Alexandria, VA – To commemorate the 150th anniversary of the Civil War, Virginia Theological Seminary has announced the Religion and the Civil War Lectures at VTS, presented by the Zabriskie Lecture Series, focusing on the war’s effects on the seminary and surrounding community as well as on American religious life. Historian and VTS Trustee, William G. Thomas, Ph.D. (pictured), will deliver the first lecture of the series on Friday, May 17, at 7:30 p.m.
Historians of American religion have long noted the divisive effect of the Civil War on religious institutions in this country,” said the Rev. Robert Prichard, Ph.D., Arthur Lee Kinsolving Professor of Christianity in America and Instructor in Liturgy at VTS. “Denominations divided, Christians North and South turned to God for assistance in gaining victory over one another, and individual institutions and communities were altered. Virginia Seminary, founded in 1823, was no exception to this general pattern.”
Thomas’ lecture, titled “Revisiting the Dead House at Fort Williams: A Story of Civil War History and Memory,” will examine Alexandria’s Fort Williams as a microcosm of the war. Thomas will discuss the experiences of soldiers stationed at the fort and the disruption the war caused to their bodies, their families and the landscape around them.
An Alexandria native, Thomas is a co-editor with Edward L. Ayers, Anne S. Rubin, and Andrew Torget of the award-winning Valley of the Shadow: Two Communities in the American Civil War. He teaches Civil War history, the U.S. South, and American history at the University of Nebraska. His book The Iron Way: Railroads, the Civil War and the Making of Modern America was a 2012 Lincoln Prize Finalist. He is a member of the Virginia Theological Seminary Board of Trustees.
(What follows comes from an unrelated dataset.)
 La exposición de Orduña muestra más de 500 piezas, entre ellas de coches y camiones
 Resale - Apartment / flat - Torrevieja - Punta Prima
The lecture is hosted by VTS’ Office of Lifetime Theological Education and is free and open to the public. A 7:00 p.m. reception will precede the lecture, which will take place in the Lettie Pate Evans Room in VTS’ Addison Academic Building.
A second lecture in the Religion and the Civil War lecture series is planned for November 8, with further details and dates of other lectures to follow.
Founded in 1823, Virginia Theological Seminary is the largest of the 11 accredited seminaries of the Episcopal Church. The school prepares men and women for service in the Church worldwide, both as ordained and lay ministers, and offers a number of professional degree programs and diplomas. Currently, the Seminary represents more than 42 different dioceses and 5 different countries, for service in the Church.